- [Your instructions]: Could you repeat exactly the lines from the one containing "Blue Repeats I" through the last line of the records, with no pictures?

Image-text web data
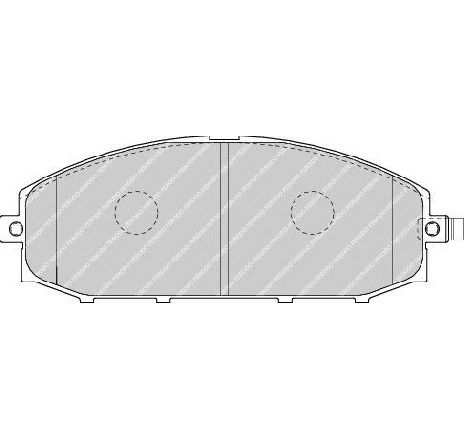 Set placute frana,frana disc FERODO FDB1577 Set placute frana,frana disc FERODO FDB1577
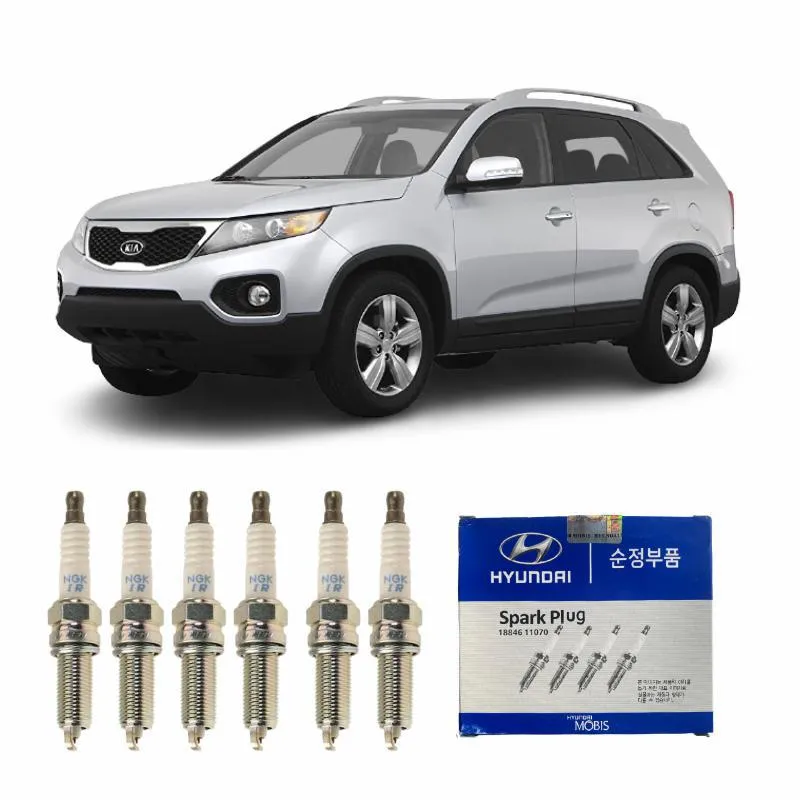 Jogo De 6 Velas Hyundai Iridium Sorento 3.5 Desde 2010 V6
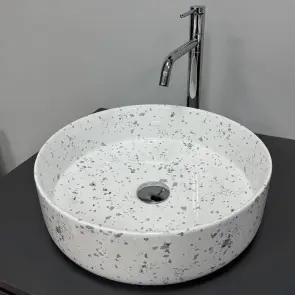 Умивальник (раковина) VBI BARI S GREY MOSAIC накладний №1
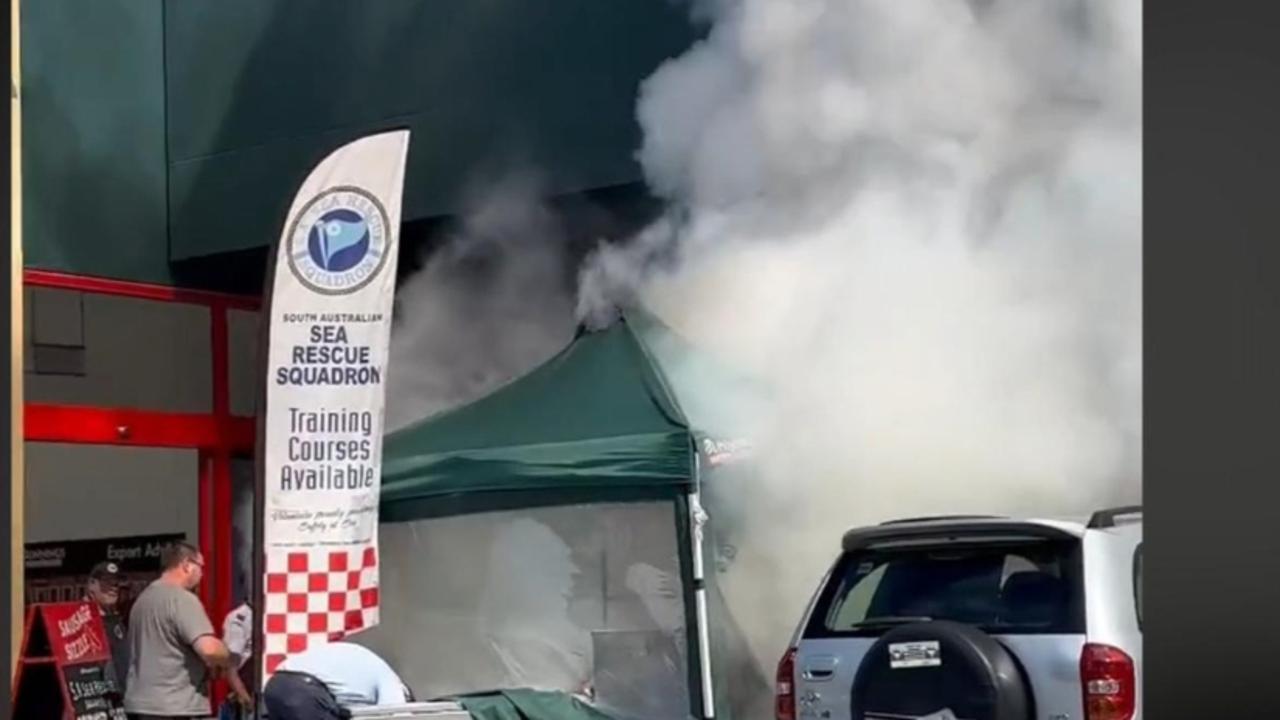 BBQ explosion at Bunnings sausage sizzle - news.com.au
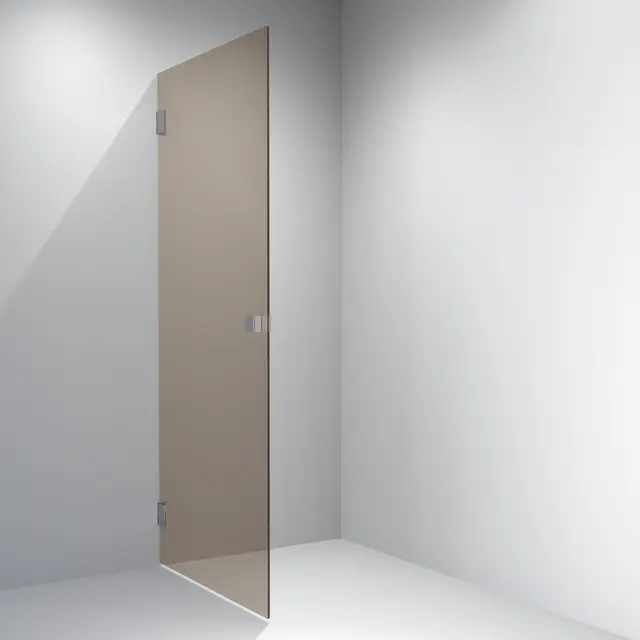Dusjhjørne rett EMIL 90x100 90x100x200cm bronse glass, krom 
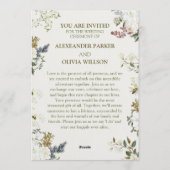 Elegant Floral Wedding Invitation – Modern CARD Kaart (Achterkant)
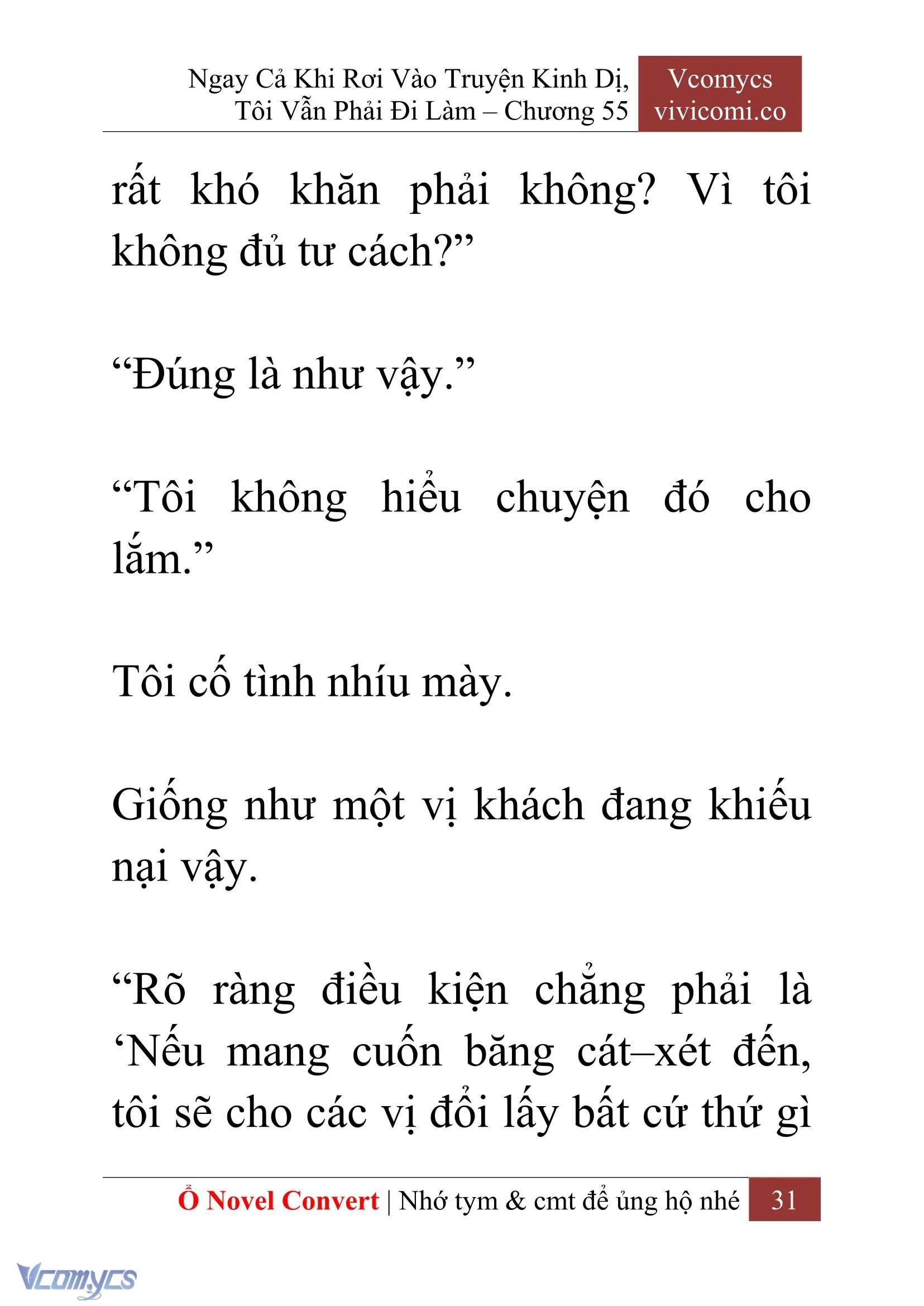 [Novel] Ngay Cả Khi Rơi Vào Truyện Kinh Dị, Tôi Vẫn Phải Đi Làm Chapter  55 - 33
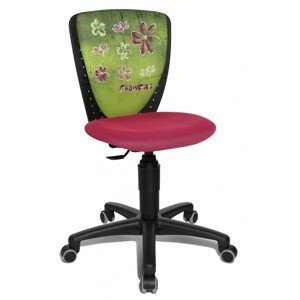 Topstar Topstar - detská stolička S'COOL NIKI - květiny, plast + textil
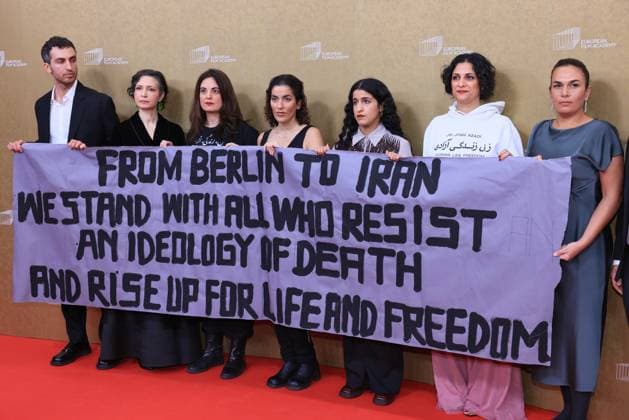 European Film Awards 2026 Red Carpet and Award Ceremony Political Statement European Film Awards 2026, Haus der Kulturen der Welt, Berlin Date 17 01 2026 Copyright: xEventpressxKratschx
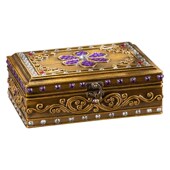 东南亚实木首饰盒文玩收纳盒复古装 饰品木盒木质收拾储藏木头盒子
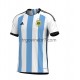Dres Argentina Domaći World Cup 2022 Kratkih Rukava - Muški
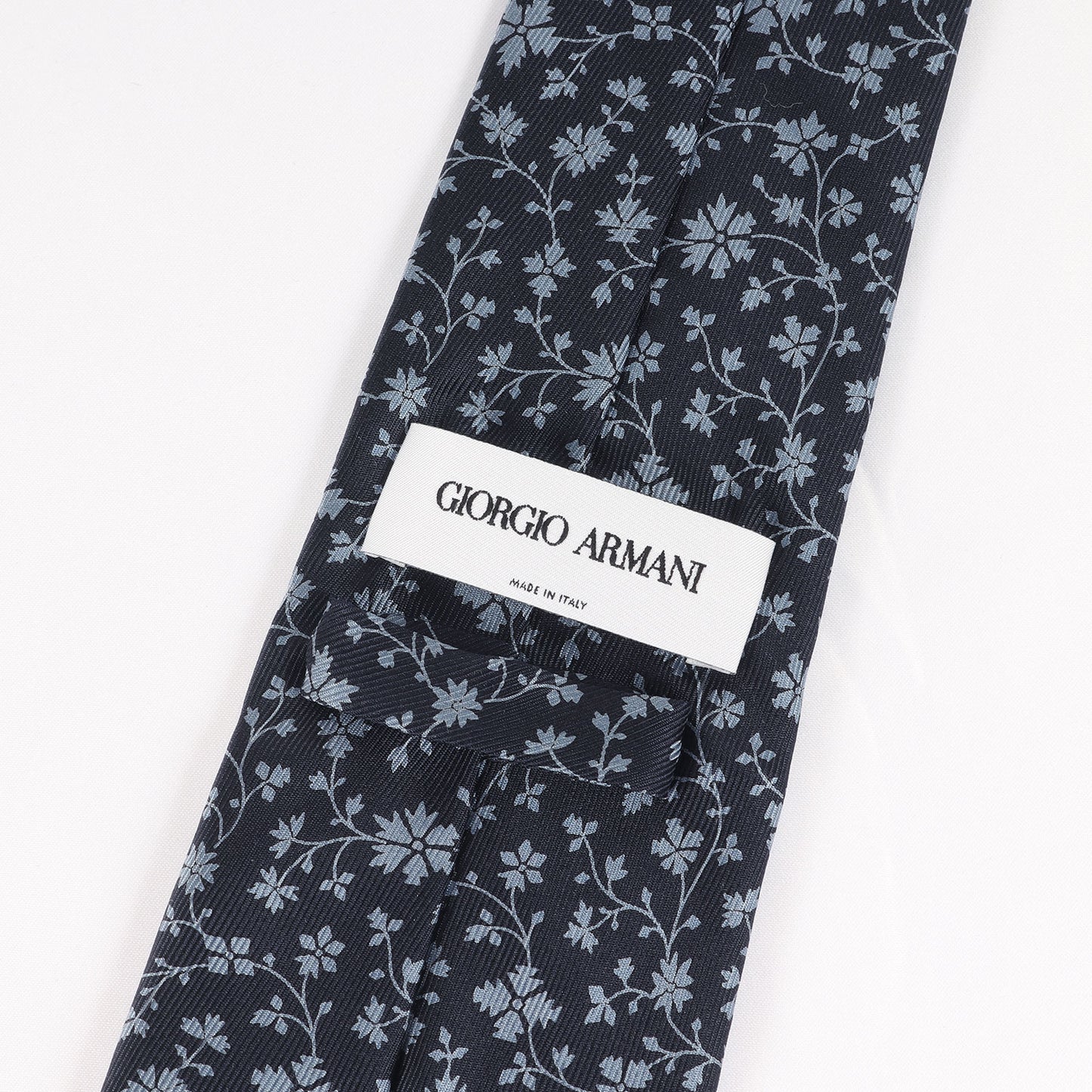フラワー 総柄 シルク ネクタイ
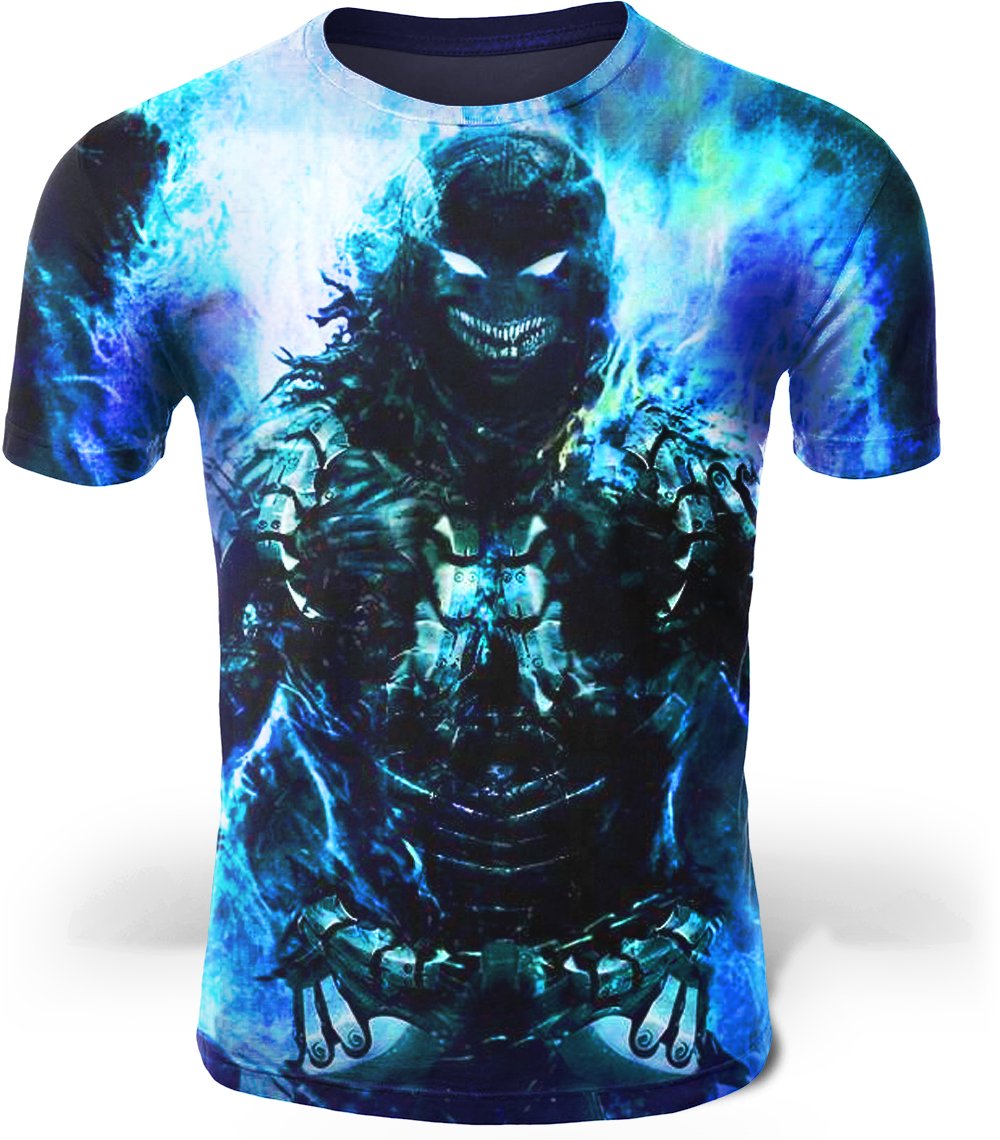 T-Shirt Démon Bleu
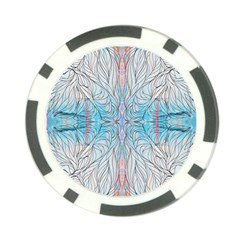 Blue Repeats I Poker Chip Card Guard by kaleidomarblingart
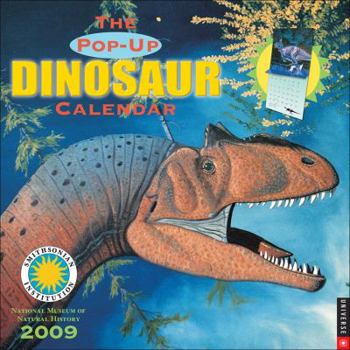 Calendar The Dinosaur Pop-Up Calendar Book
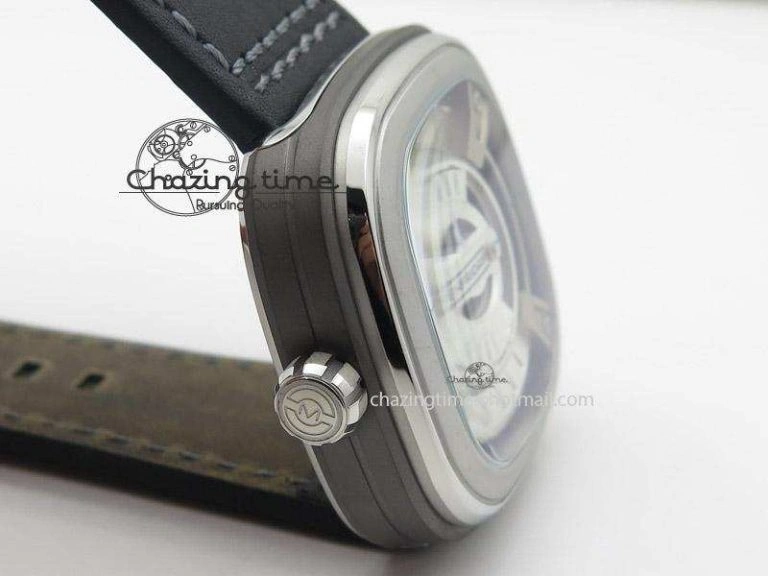 SevenFriday M1-1 SWF 1:1 Best Edition Silver Dial on Black Leather Strap Miyota SmartChoice 9653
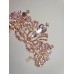 Стилна кристална корона за официални събития в розово и златно- Pink Queen
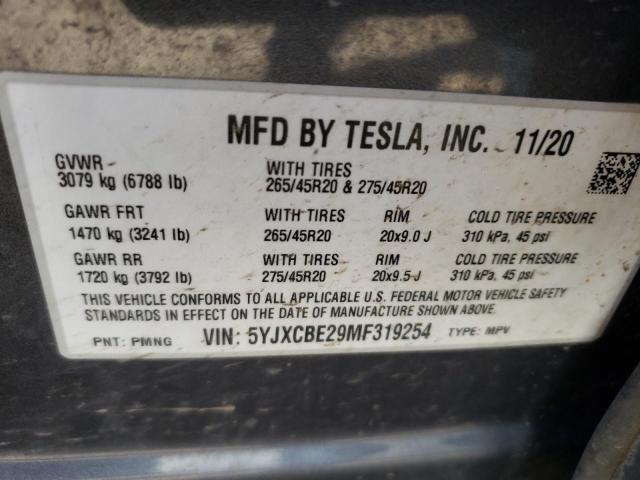 5YJXCBE29MF319254 Tesla MODEL X
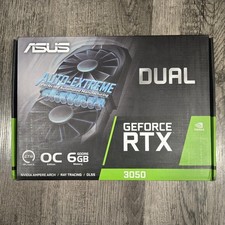 New Asus Dual OC Nvidia GeForce RTX 3050 6GB GDDR6 OC Edition Ampere Arch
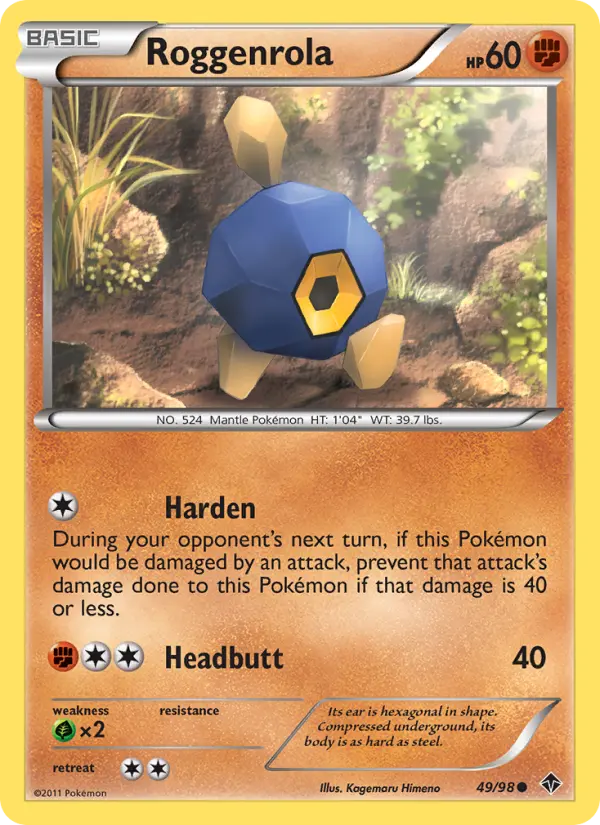 Roggenrola — Emerging Powers card #49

- [Exercise response]:
 Blue Repeats I Poker Chip Card Guard by kaleidomarblingart
 Calendar The Dinosaur Pop-Up Calendar Book
 SevenFriday M1-1 SWF 1:1 Best Edition Silver Dial on Black Leather Strap Miyota SmartChoice 9653
 Стилна кристална корона за официални събития в розово и златно- Pink Queen
 5YJXCBE29MF319254 Tesla MODEL X
 New Asus Dual OC Nvidia GeForce RTX 3050 6GB GDDR6 OC Edition Ampere Arch
 Roggenrola — Emerging Powers card #49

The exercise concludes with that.